Les stratégies d’adaptation documentées passent par plusieurs leviers :
- Cibler des requêtes où l’AI Overview ne s’affiche pas encore, notamment les requêtes locales ou très spécialisées
- Structurer le contenu pour apparaître comme source citée dans l’AI Overview lui-même, ce qui procure une visibilité de marque même sans clic
- Travailler la notoriété de marque pour que les utilisateurs effectuent des recherches navigationnelles directes, moins touchées par le zero-click

Trafic organique et arbitrage éditorial
Le trafic organique reste un canal d’acquisition viable, mais sur un périmètre plus restreint qu’avant. Les entreprises qui réussissent sur le web en 2024 sont celles qui concentrent leurs ressources éditoriales sur les requêtes où le clic reste probable, au lieu de couvrir le maximum de mots-clés.

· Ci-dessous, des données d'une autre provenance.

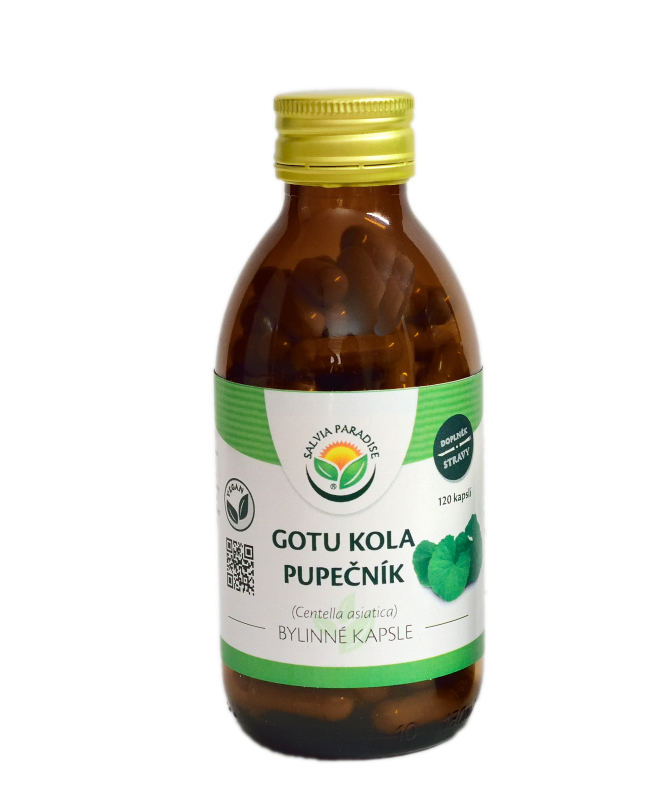 Gotu kola - pupečník kapsle 120ks Salvia Paradise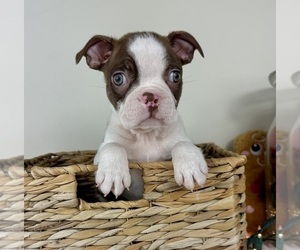 Boston Terrier Puppy for sale in GREENFIELD, IN, USA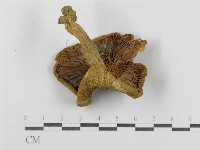 登錄號:F0011130藏品圖，第1張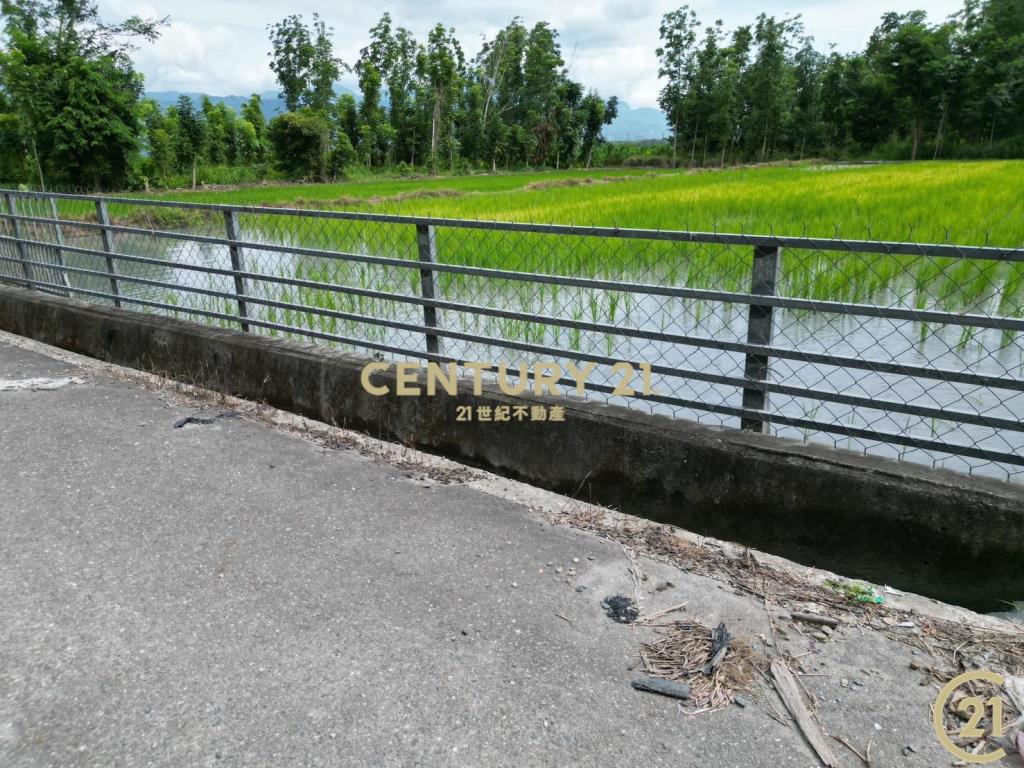 鹿野平地造林農地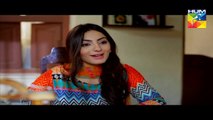 Tere Mere Beech Episode 01 Full Hum TV Drama 29 Nov 2015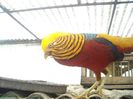 DSCN0047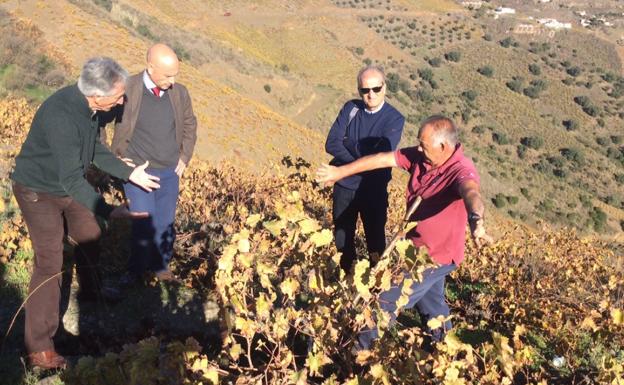 La Unesco examina con detalle sobre el terreno al sector de la pasa moscatel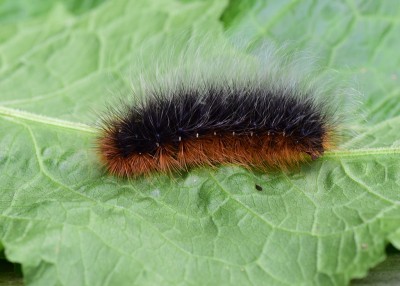 Garden Tiger Moth caterpillar, the good old Woolly Bear.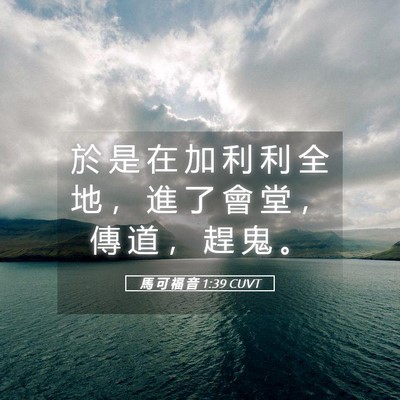 Picture 05 - 馬 可 福 音 1:39 CUVT - 於 是 在 加 利 利 全 地 ， 進 了 會 - Bible Verse Picture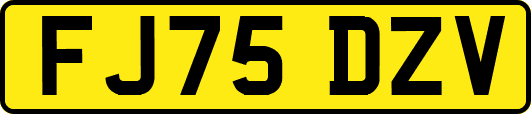 FJ75DZV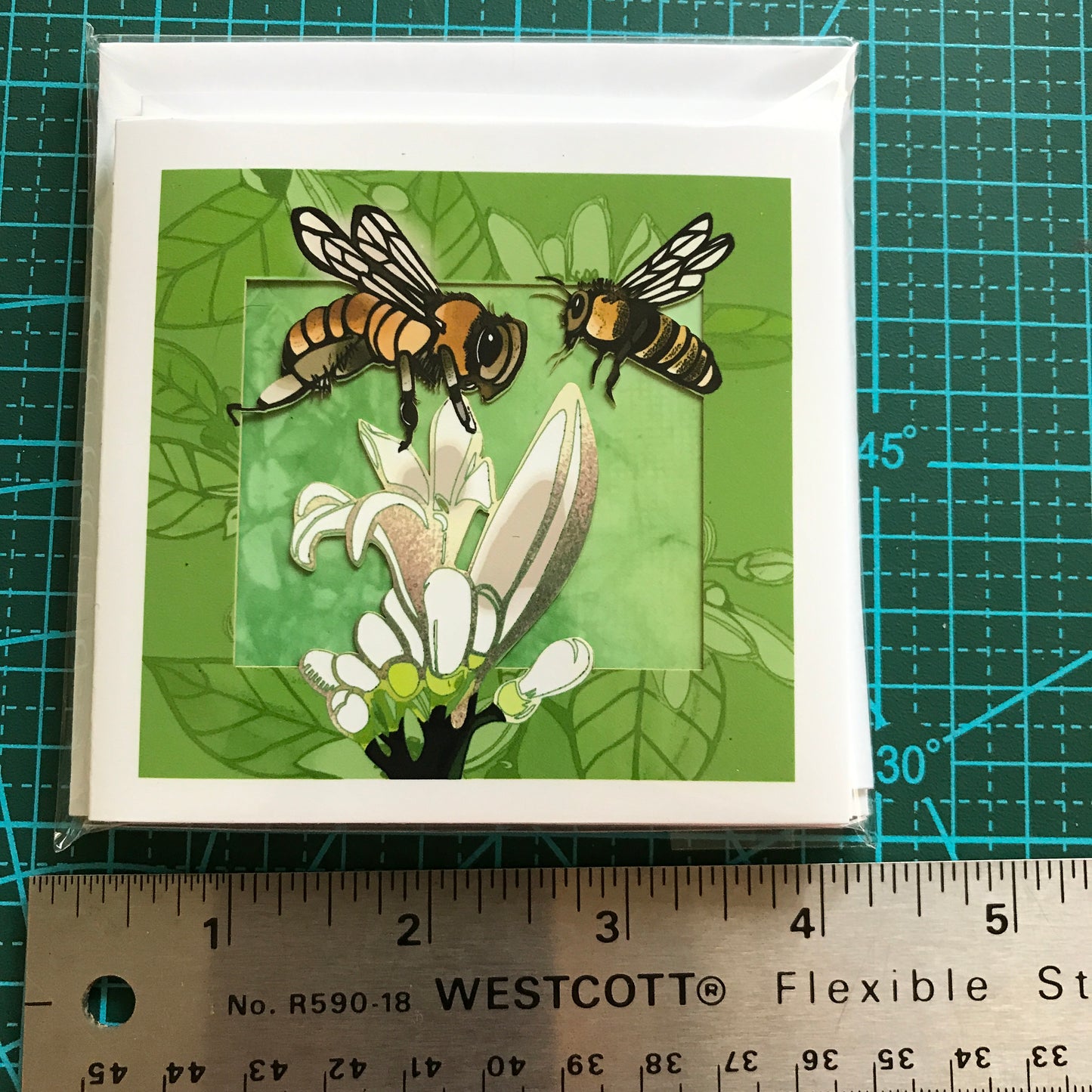 Bugs, Bugs, Bugs! —The Insect Suite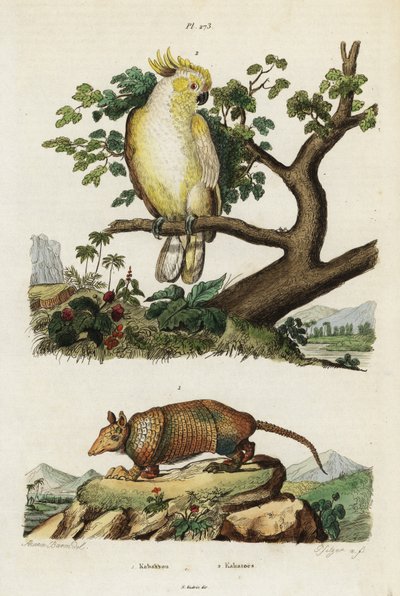 Gelbwangenkakadu und Gürteltier von Jacques Reyne Isidore Acarie Baron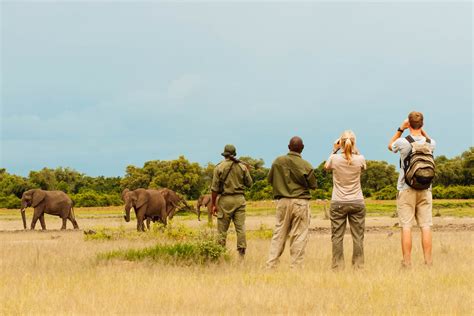Botswana Tours Botswana Safari Cost Vacation Package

Ce recentrage implique de mesurer systématiquement le taux de clic réel par requête, et non plus seulement le positionnement. Un mot-clé en première position avec un CTR effondré par l’AI Overview ne justifie plus le même investissement éditorial qu’un mot-clé en troisième position sur une requête transactionnelle à fort taux de conversion.
Données first-party et personnalisation web en 2024
La disparition progressive des cookies tiers pousse les marques vers la collecte de données first-party. Cette tendance, déjà amorcée les années précédentes, s’est accélérée en 2024 avec le durcissement des politiques de confidentialité des navigateurs.
La personnalisation du contenu repose désormais sur les données collectées directement par le site : comportement de navigation, historique d’achat, préférences déclarées. Les campagnes marketing digital qui s’appuient sur ces données propriétaires affichent des performances supérieures à celles qui dépendent du ciblage tiers.
Le retour au ciblage contextuel accompagne ce mouvement. Plutôt que de suivre un utilisateur d’un site à l’autre, les annonceurs ciblent le contenu de la page consultée. Cette approche, techniquement plus simple, produit des résultats comparables pour les campagnes de notoriété.
La donnée la plus parlante de 2024 pour les acteurs du web tient en une phrase : la majorité des recherches Google se terminent sans clic. Toute stratégie digitale qui ignore ce fait construit sur un socle en érosion.